## What is being asked:
Only some lines are wanted. Transcribe, exactly, the lines below from the line with "Assaggio #5: Macaron di" up to and including the line with "prezzemolo e cipresso".

## Listed entries:

──────

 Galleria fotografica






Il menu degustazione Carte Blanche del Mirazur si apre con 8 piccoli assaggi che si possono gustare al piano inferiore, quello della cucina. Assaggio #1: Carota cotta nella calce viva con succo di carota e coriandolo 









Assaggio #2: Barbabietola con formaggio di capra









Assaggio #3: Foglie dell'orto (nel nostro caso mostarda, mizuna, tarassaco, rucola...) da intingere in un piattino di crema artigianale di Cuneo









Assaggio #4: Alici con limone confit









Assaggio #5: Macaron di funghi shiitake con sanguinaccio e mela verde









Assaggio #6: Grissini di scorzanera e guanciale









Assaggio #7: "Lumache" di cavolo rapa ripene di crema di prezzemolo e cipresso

──────

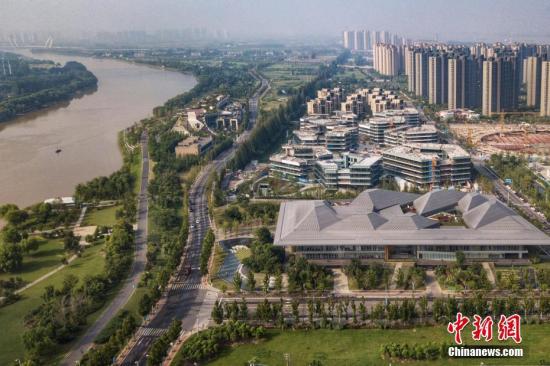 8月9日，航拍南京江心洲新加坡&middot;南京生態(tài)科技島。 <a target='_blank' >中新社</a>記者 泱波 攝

──────

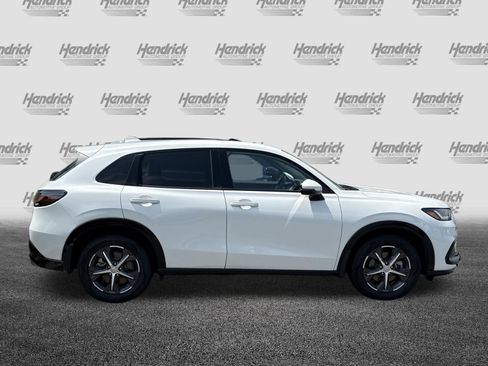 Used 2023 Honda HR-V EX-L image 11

──────

## Solution to this problem:
Assaggio #5: Macaron di funghi shiitake con sanguinaccio e mela verde









Assaggio #6: Grissini di scorzanera e guanciale









Assaggio #7: "Lumache" di cavolo rapa ripene di crema di prezzemolo e cipresso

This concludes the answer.